▶ _EXERCISE_
Give again, exactly as written, each line of the material below starting at the line that contains "Cutting board with" and ending at the line that contains "A man and woman". Both ends count, and no other line does.

== EXTRACTED MATERIAL ==

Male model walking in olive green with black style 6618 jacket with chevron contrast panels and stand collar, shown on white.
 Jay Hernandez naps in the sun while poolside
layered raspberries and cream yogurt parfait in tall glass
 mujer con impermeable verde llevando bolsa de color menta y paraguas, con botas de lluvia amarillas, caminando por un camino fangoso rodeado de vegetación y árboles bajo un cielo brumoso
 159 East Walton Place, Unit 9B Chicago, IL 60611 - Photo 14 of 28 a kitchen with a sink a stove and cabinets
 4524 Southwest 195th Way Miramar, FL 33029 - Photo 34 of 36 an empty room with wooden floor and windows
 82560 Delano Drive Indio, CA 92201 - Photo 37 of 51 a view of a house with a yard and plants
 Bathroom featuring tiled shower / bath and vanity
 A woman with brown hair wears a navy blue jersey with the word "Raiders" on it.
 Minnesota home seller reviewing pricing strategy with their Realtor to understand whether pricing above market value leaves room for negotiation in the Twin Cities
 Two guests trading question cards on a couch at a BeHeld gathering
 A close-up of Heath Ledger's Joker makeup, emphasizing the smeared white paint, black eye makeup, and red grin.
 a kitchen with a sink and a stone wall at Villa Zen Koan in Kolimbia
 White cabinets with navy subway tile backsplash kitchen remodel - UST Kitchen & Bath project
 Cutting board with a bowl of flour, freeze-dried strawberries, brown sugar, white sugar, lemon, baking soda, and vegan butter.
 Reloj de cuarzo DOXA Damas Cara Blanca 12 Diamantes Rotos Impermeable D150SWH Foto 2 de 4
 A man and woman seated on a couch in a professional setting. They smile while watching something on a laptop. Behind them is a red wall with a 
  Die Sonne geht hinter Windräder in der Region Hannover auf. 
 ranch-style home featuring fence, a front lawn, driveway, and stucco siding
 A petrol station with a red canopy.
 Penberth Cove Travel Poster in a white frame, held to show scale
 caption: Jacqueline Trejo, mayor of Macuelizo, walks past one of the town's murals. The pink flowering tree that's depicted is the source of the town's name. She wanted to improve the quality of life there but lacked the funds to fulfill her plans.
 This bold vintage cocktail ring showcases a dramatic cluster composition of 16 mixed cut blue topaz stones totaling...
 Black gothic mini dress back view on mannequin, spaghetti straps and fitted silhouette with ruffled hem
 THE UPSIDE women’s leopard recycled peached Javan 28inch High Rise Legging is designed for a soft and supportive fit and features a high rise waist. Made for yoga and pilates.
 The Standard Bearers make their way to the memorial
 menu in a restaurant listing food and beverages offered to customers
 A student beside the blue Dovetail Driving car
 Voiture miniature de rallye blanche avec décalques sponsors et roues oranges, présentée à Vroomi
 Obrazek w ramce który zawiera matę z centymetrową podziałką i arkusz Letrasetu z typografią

===

▶ _EXERCISE RESULT_
 Cutting board with a bowl of flour, freeze-dried strawberries, brown sugar, white sugar, lemon, baking soda, and vegan butter.
 Reloj de cuarzo DOXA Damas Cara Blanca 12 Diamantes Rotos Impermeable D150SWH Foto 2 de 4
 A man and woman seated on a couch in a professional setting. They smile while watching something on a laptop. Behind them is a red wall with a 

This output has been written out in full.